I was listening to The Libertines today wishing that they were still together and producing awesome indie rock, but alas they are no more.  What are some bands/artists that you feel never got a chance to take off or that you feel still had a lot of talent to tap into to produce great music.


----------



## Magikian (Sep 20, 2008)

Lollipop Lust Kill... 

Damn those guys were good..


----------



## Takun (Sep 20, 2008)

What did them in?  With the Libertines it was drugs, in band fighting, and jailtime =/.  They are still separately making music, but it's not the same.


----------



## Magikian (Sep 20, 2008)

I'm not all too sure, I found their music a few years after they broke up. I'd look it up on Wikipedia or something, but I can't be fucked.

Also, there was a rumor going around that System of a Down were breaking up for good... Not true though. They are just on hiatus while each band member does their own solo projects.

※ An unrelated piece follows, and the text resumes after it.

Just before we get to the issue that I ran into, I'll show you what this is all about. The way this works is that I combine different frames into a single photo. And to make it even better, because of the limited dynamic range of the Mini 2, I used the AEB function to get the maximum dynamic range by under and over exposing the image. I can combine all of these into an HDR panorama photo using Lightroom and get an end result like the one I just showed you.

Also, I have a animated version of that avatar.


----------



## Whitenoise (Sep 20, 2008)

Strid's front man, and subsequently Strid as well, I wish they'd managed to produce at least one full length but I guess life just got to be too much for the guy  .


----------



## Midi Bear (Sep 22, 2008)

Magikian said:


> Also, there was a rumor going around that System of a Down were breaking up for good... Not true though. They are just on hiatus while each band member does their own solo projects.


Thanks god for that.. I thought they were over alltogether.


----------



## TheComet (Sep 22, 2008)

Balliztix from Newgrounds.

Not alot of people knew about him really, he only posted about 5 songs, but each one was a powerhouse of it's own, then he pretty much vanished off the grid.

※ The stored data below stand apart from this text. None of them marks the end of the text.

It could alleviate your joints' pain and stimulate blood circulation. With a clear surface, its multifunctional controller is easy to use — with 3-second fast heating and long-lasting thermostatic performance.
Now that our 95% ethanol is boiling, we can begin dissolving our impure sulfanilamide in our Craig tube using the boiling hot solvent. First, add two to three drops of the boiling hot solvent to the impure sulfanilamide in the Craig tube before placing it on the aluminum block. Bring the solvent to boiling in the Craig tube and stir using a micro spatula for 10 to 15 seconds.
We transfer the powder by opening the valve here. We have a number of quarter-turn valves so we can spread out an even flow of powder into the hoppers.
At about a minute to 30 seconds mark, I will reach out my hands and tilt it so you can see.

Not sure if it was just a test account or what, but if he stuck around there would be alot of amazing content added to the Audio Portal there


----------



## emptyF (Sep 22, 2008)

faith no more.  that was a damn shame!


----------



## Takun (Sep 22, 2008)

Magikian said:


> I'm not all too sure, I found their music a few years after they broke up. I'd look it up on Wikipedia or something, but I can't be fucked.
> 
> Also, there was a rumor going around that System of a Down were breaking up for good... Not true though. They are just on hiatus while each band member does their own solo projects.
> 
> Also, I have a animated version of that avatar.



This is that gif.  For some reason it doesn't animate on here.  Dragoneer's avatar stopped animating too...hmm....

And yeah I heard SOAD is on "hiatus" but I also heard that things aren't that great between Serj and Daron.


----------



## Magikian (Sep 22, 2008)

Takumi_L said:


> This is that gif.  For some reason it doesn't animate on here.  Dragoneer's avatar stopped animating too...hmm....
> 
> And yeah I heard SOAD is on "hiatus" but I also heard that things aren't that great between Serj and Daron.



Ah, fair enough..

First I've heard of that though... Although it doesn't really surprise me.

I do know what each member is doing though.


----------



## Hanazawa (Sep 22, 2008)

Stabbing Westward RIP
The Dreaming will never be as good :[


----------



## kamunt (Sep 25, 2008)

Airscape. Their remix of "Silence" by Delerium with Sarah MacLachlan is astounding.


----------



## Grimfang (Sep 25, 2008)

Ghotti.

They have a few amazing songs, and so should've made it. I don't know exactly what happened, but they never got signed and somehow broke up.

http://www.unsignedbandweb.com/music/bands/2095/
_In Times of Trouble
Filed Away
Control
Fallen_
^Awesome songs.


----------